L'interdiction de la « reformatio in peius » et la pondération des circonstances : la Cour de cassation dans l'arrêt n° 26005/2025

Le système judiciaire italien, pour la protection de l'accusé, est régi par des principes fondamentaux, dont l'interdiction de la « reformatio in peius ». La Cour de cassation, par l'arrêt n° 26005 du 07/07/2025, a apporté une clarification cruciale sur ce principe, notamment en ce qui concerne la pondération entre les circonstances atténuantes et aggravantes. Cette décision est fondamentale pour comprendre les limites du juge d'appel et les garanties procédurales.

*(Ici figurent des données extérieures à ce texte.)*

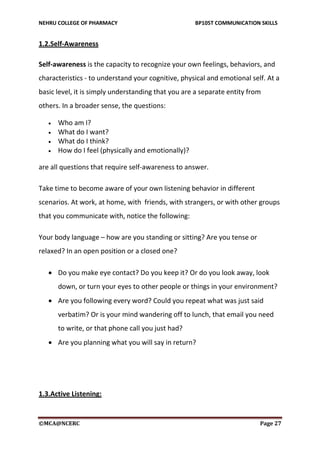 NEHRU COLLEGE OF PHARMACY BP105T COMMUNICATION SKILLS
©MCA@NCERC Page 27
1.2.Self-Awareness
Self-awareness is the capacity to recognize your own feelings, behaviors, and
characteristics - to understand your cognitive, physical and emotional self. At a
basic level, it is simply understanding that you are a separate entity from
others. In a broader sense, the questions:
 Who am I?
 What do I want?
 What do I think?
 How do I feel (physically and emotionally)?
are all questions that require self-awareness to answer.
Take time to become aware of your own listening behavior in different
scenarios. At work, at home, with friends, with strangers, or with other groups
that you communicate with, notice the following:
Your body language – how are you standing or sitting? Are you tense or
relaxed? In an open position or a closed one?
 Do you make eye contact? Do you keep it? Or do you look away, look
down, or turn your eyes to other people or things in your environment?
 Are you following every word? Could you repeat what was just said
verbatim? Or is your mind wandering off to lunch, that email you need
to write, or that phone call you just had?
 Are you planning what you will say in return?
1.3.Active Listening:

La « reformatio in peius » : une garantie irrévocable pour l'accusé

L'article 597, paragraphe 3, du Code de procédure pénale établit que le juge d'appel ne peut infliger une peine plus grave ni révoquer des bénéfices si le recours est introduit uniquement par l'accusé. Ce principe protège le droit de faire appel sans craindre d'aggravation, permettant à l'accusé de rechercher une révision de la sentence sans risquer une détérioration de sa situation. C'est un pilier du procès équitable.

Le cas concret et la décision de la Cour suprême

Le cas examiné concernait l'appel du seul accusé, G. Varesano, qui contestait l'absence de pondération entre les circonstances atténuantes générales et les circonstances aggravantes en première instance. La Cour d'appel de Bari, tout en accueillant le recours et en formulant un jugement d'équivalence, avait confirmé la peine globale mais augmenté la peine de base. Cette modification a soulevé la question de la violation de l'interdiction de la « reformatio in peius ».

La Cour de cassation, présidée par le Dr L. Pistorelli et dont le rapporteur était le Dr R. Giordano, a annulé la sentence avec renvoi, établissant clairement :

Viole l'interdiction de la « reformatio in peius » le juge d'appel qui, en cas d'accueil du recours introduit par le seul accusé pour non-application en première instance de la pondération entre les circonstances atténuantes générales reconnues et les circonstances aggravantes, tout en formulant un jugement d'équivalence entre lesdites circonstances, confirme le traitement sanctionnatoire précédent en augmentant la peine de base.

La maxime clarifie que l'augmentation de la peine de base, même si la peine finale reste inchangée après la pondération, constitue une aggravation de la situation de l'accusé et, par conséquent, une violation de l'interdiction. La Cour a réaffirmé l'application rigoureuse de l'art. 597 c.p.p.

Les implications pratiques de la sentence

La décision n° 26005/2025 a des répercussions importantes :

  • Protection Renforcée : L'accusé peut faire appel avec plus de sérénité, sans risque d'aggravation de la peine de base.
  • Interprétation Rigoureuse : L'interdiction de la « reformatio in peius » s'étend également aux modifications structurelles de la peine qui, sans altérer le quantum final, affectent la base de calcul.
  • Guide pour les Juges : Une directive claire rappelant la limite infranchissable de l'interdiction d'aggravation.

Cette interprétation est conforme à la jurisprudence consolidée, y compris les décisions antérieures des Sections Unies, pour garantir un procès équitable.

Conclusions : un rempart pour la défense

L'arrêt n° 26005/2025 de la Cour de cassation est une référence essentielle pour les garanties procédurales pénales. Il réaffirme que l'interdiction de la « reformatio in peius » est un principe substantiel, fondamental pour un système judiciaire équitable. La décision réaffirme la nécessité d'une observation scrupuleuse de cette interdiction, y compris dans la pondération des circonstances, en assurant une pleine protection de la défense.